What has happened to that money?So that means we need to get our hands on some extra cash. And like it or not, that means taxes. That's a bad word, I know. But it's how things work in the real world.
No, in the real world, you live within your means. If you go to your neighbors and take their money to cover your debts, that’s called theft.
Proposition 13 is as good a place as any to start if we want to raise some serious coin and we want to do it soon.
Maybe not. For those of you who don’t know, Prop 13 has kept people from being taxed out of their homes.
What he means is that Proposition 13 allows the state to reach deep into the pockets of people and businesses that buy property at market value. But it does precious little to get a piece of the action from those with long-held properties that have soared in value over the years.
The property values have soared, true, and
if they are sold,
then the state gets a cut and gets increases property taxes. But why should someone be taxed out of their home just because it has risen in value (largely to restrictions on development, which means decrease in supply)? So you give newcomers a break, only to tax them out of their home or storefront later on?
In 2003, billionaire Warren E. Buffett, while serving as an economic advisor to then-candidate Schwarzenegger, suggested that maybe it was time to revisit Proposition 13.
Buffett is unlikely to be taxed out of
his properties, so he has less reason to value Prop 13.
He pointed out that the tax on his $500,000 home in Omaha increased by $1,920 that year. Meanwhile, the levy on Buffett's $4-million house in Laguna Beach, which he bought for less than $100,000 in 1971, rose by just $23.
Maybe Nebraska needs its own Prop 13. I wouldn’t be surprised if the $500,000 home in Nebraska has more square footage than the $4 million one in California. That’s how ridiculous housing prices have been here.
Many Californians seem resigned to Proposition 13, enjoying its protections while owning a home and then stomaching the idea of possibly paying way more than their neighbors when they buy into a new community.
People make their own choices. Why get envious when you’re allowed to make your own?
Long-term owners of office buildings, shopping centers and hotels should be paying their fair share to support surrounding infrastructure, Goldberg argued, rather than forcing more recent investors to shoulder the bulk of the burden.
Perhaps we should have more private property instead of public property?
Perhaps we should ditch socialism, especially when so many of the people receiving services are unskilled people from other countries who are here illegally?
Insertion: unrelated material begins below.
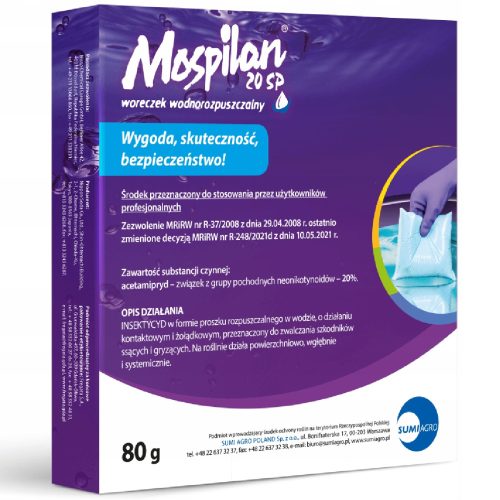 MOSPILAN 20 SP INSEKTEN, BLÄUSE, PELLETS, 80G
Look, I’m looking to upgrade into a bigger home, so I would supposedly directly benefit from shifting some of the burden away from the new buyer to those who have remained in the same place. But once I move, I never want to have to move again, and it’s more likely I would have to if we ditched Prop 13. Plus, does anyone
really believe that new buyers will see any relief?
Based on history, I’m sure we’ll simply see everyone pay more.Prop 13 wasn’t perfect, but it was needed. It shouldn’t have been needed, but California governments had failed to live within their means, and retirees were suffering the most.